A notable trait of early written Arabic was that it lacked vowel signs and diacritics which would later distinguish e.g. ب, ت, ن, ي, and thus was prone to mispronunciation. Arabic diacritics were added around the turn of the eighth century on orders of al-Hajjaj ibn Yusuf, governor of Iraq (694–714)..

Luxenberg claimed that the Quran "contains much ambiguous and even inexplicable language." He asserts that even Muslim scholars find some passages difficult to parse and have written reams of Quranic commentary attempting to explain these passages. However, the assumption behind their endeavours has always been, according to him, that any difficult passage is true, meaningful, and pure Arabic, and that it can be deciphered with the tools of traditional Muslim scholarship. Luxenberg accuses Western academic scholars of the Qur'an of taking a timid and imitative approach, relying too heavily on the work of Muslim scholars.

Luxenberg argues that the Quran was not originally written exclusively in Arabic but in a mixture with Syriac, the dominant spoken and written language in the Arabian peninsula through the eighth century.

Luxenberg remarked that scholars must start afresh, ignore the old Islamic commentaries, and use only the latest in linguistic and historical methods. Hence, if a particular Quranic word or phrase seems "meaningless" in Arabic, or can be given meaning only by tortuous conjectures, it makes sense – he argues – to look to Syriac as well as Arabic.

Luxenberg also argues that the Quran is based on earlier texts, namely Syriac lectionaries used in Christian churches of Syria, and that it was the work of several generations who adapted these texts into the Quran as known today.

With his approach of research, Luxenberg is a representative of the "Saarbrücken School" which is part of the Revisionist school of Islamic studies.

His proposed methodology
 Check whether a plausible, overlooked explanation can be found in Tafsir al-Tabari (completed ca. 883 CE).
 Check if there is a plausible explanation in the Ibn Manzur's Lisān al-ʿArab (completed ca. 1290 CE), the most extensive Arabic dictionary (this dictionary postdates the Tabari commentary by about 400 years, so might plausibly contain advances in lexical insight).
 Check if the Arabic expression has a homonymous root in Syriac or Aramaic with a different meaning that fits the context.
 Judge whether or not the meaning of the Syriac/Aramaic root word might make better sense of the passage.
 Check to see if there is a Syriac word which would make sense of the passage.
 Experiment with different placements of the diacritics (which indicate vowels, etc.) later added to the earliest text, the rasm.
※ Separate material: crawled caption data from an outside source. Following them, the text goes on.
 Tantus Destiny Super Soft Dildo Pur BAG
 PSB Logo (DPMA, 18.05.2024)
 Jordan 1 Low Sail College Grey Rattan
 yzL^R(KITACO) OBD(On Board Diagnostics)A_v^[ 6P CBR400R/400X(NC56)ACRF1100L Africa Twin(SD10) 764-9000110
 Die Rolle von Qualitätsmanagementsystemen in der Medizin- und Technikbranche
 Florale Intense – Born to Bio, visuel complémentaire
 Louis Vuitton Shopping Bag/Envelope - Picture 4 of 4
Perhaps there is a version of the rasm that will give an Arabic word that makes sense of the passage.
 If there is no Arabic word that works, repeat the experiment and look for Syriac words.
 Translate the Arabic phrase into Syriac and check the Syrian literature for a phrase that might have been translated literally into Arabic; the original meaning in Syriac may make more sense than the resulting Arabic phrase (such translated phrases are called morphological calques).
 Check to see if there is a corresponding phrase in the old Syrian literature, which may be an analog of an Arabic phrase now lost.
 Check to see if it is a correct Arabic expression written in Arabic script, but in Syriac orthography.
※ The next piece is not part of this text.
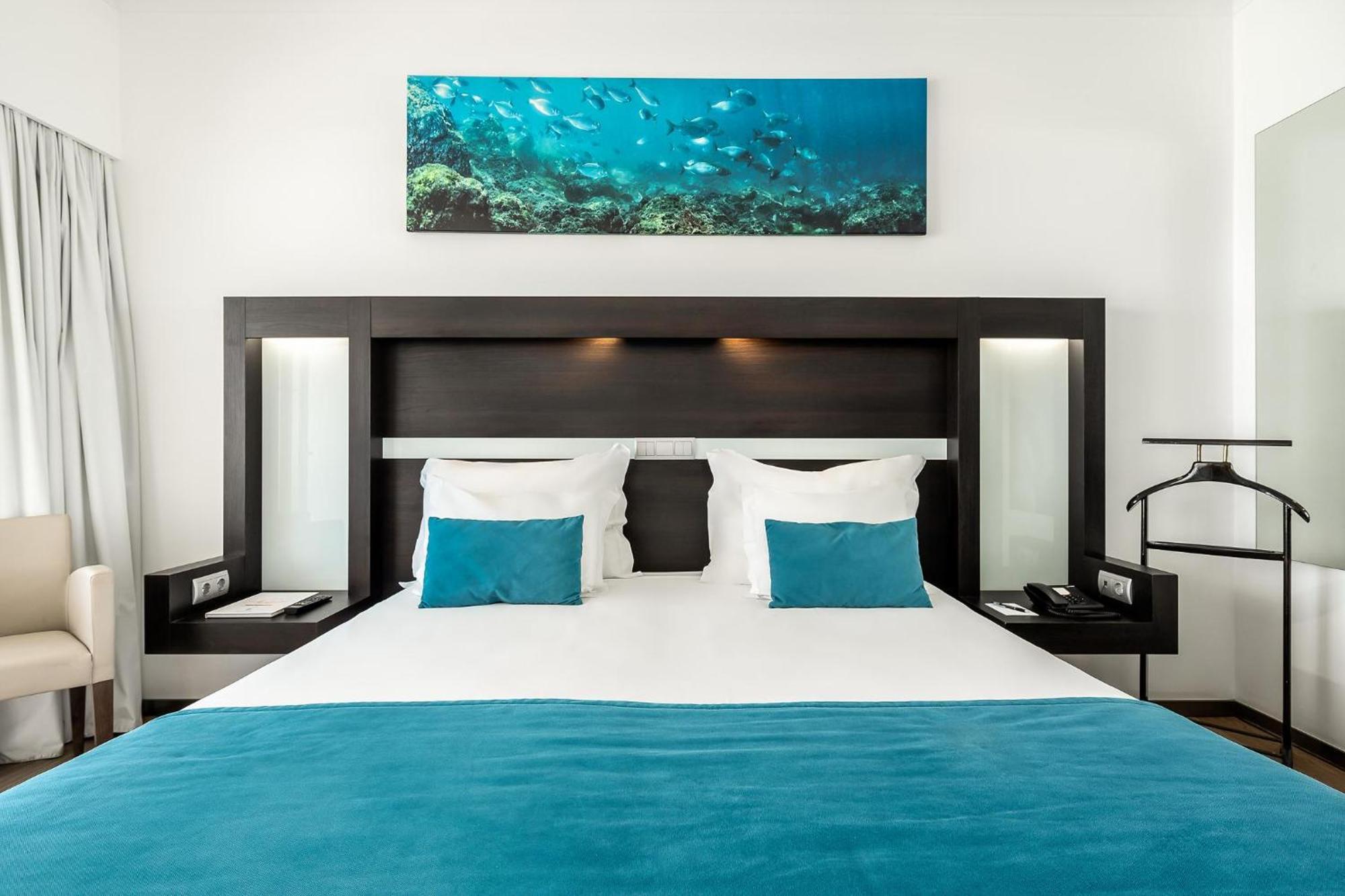 Premium Room Front Sea View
"Plausibility", "judging" and "making sense" of single word involves looking at occurrences of the same word in more obvious Quranic passages, and looking at Aramaic apocryphal and liturgical texts, which were carried over almost verbatim into the Quran.

Word analysis

Quran 
According to Luxenberg, the word qur'an ("reading, lectionary") is a rendition of the Aramaic word qeryan-a,  a book of liturgical readings, i.e. the term for a Syriac lectionary, with hymns and Biblical extracts, created for use in Christian services. 
Luxenberg cites the suggestion by Theodor Nöldeke  "that the term Qorān is not an inner-Arabic development out of the synonymous infinitive, but a borrowing from that Syriac word with a simultaneous assimilation of the type fuʿlān."

Huri
The word houri, universally  interpreted by scholars as white-eyed virgins (who will serve the faithful in Paradise; Qur'an 44:54, 52:20, 55:72, 56:22) means, according to Luxenberg, white grapes or raisins. He says that many Christian descriptions of Paradise describe it as abounding in pure white grapes. This sparked much ridicule and insult from the Western press who allege that "suicide bombers would be expecting beautiful women and getting grapes."

Khātam 
The passage in surat al-Ahzab that has usually been translated as "seal of the prophets" means, according to Luxenberg, "witness". By this reading, Muhammad is not the last of the prophets, but a witness to those prophets who came before him.

Ibrahim's sacrifice
The verse 37:103, considered to be about Ibrahim's sacrifice of his son, reads when translated into English from Arabic, "And when they had both submitted and he put him down upon his forehead". But using Syriac instead of Arabic for almost the same Arabic rasm, "he put him down upon his forehead", changes the meaning to "he tied him to the firewood".

Aya analysis 

The Quranic passage in surat an-Nur, 31 is traditionally translated as saying that women "should draw their veils over their bosoms" (Abdullah Yusuf Ali's translation, The Holy Qur'an: Text, Translation and Commentary). It has been interpreted as a command for women to cover themselves, and is used in support of hijab. In Luxenberg's Syro-Aramaic reading, the verse instead commands women to "snap their belts around their waists." Luxenberg argues that this is a much more plausible reading than the Arabic one. The belt was a sign of chastity in the Christian world. Also, Jesus puts on an apron (Greek λέντιον, lention) before he washes the disciples' feet at the last supper.

Christoph Luxenberg

Christoph Luxenberg is the pseudonym of the author of the book, and several articles in anthologies about early Islam.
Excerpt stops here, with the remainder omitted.